(Given data):
Content starts

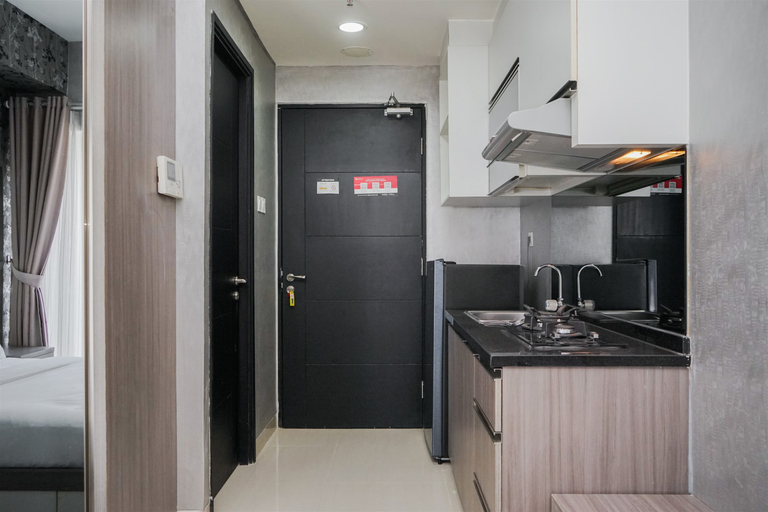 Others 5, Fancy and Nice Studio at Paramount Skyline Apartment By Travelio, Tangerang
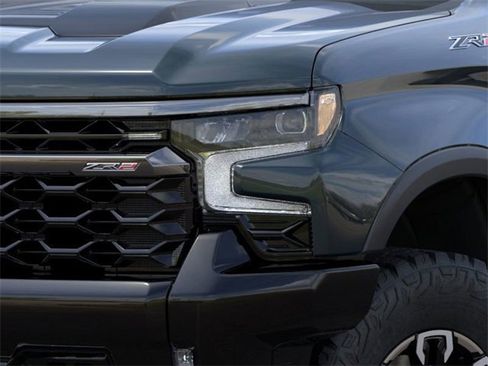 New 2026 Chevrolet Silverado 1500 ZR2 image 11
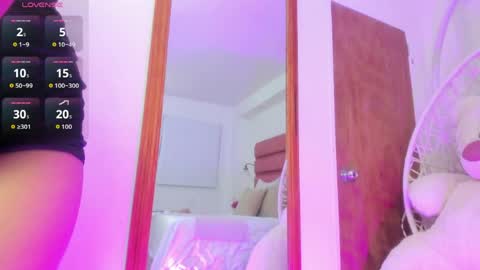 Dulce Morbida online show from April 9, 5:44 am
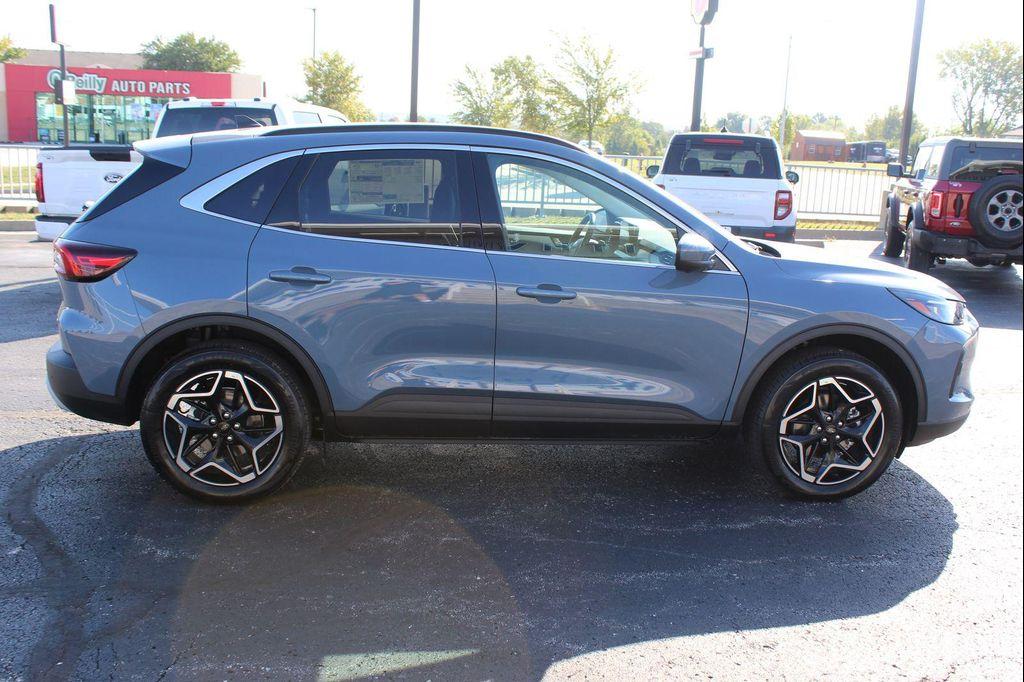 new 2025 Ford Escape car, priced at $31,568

Content ends

(Action item): Reproduce exactly, and only, the lines from the one with "New 2026 Chevrolet" to the final line of the listing above; the pictures are to be left out.

(Exercise output):
 New 2026 Chevrolet Silverado 1500 ZR2 image 11
 Dulce Morbida online show from April 9, 5:44 am
 new 2025 Ford Escape car, priced at $31,568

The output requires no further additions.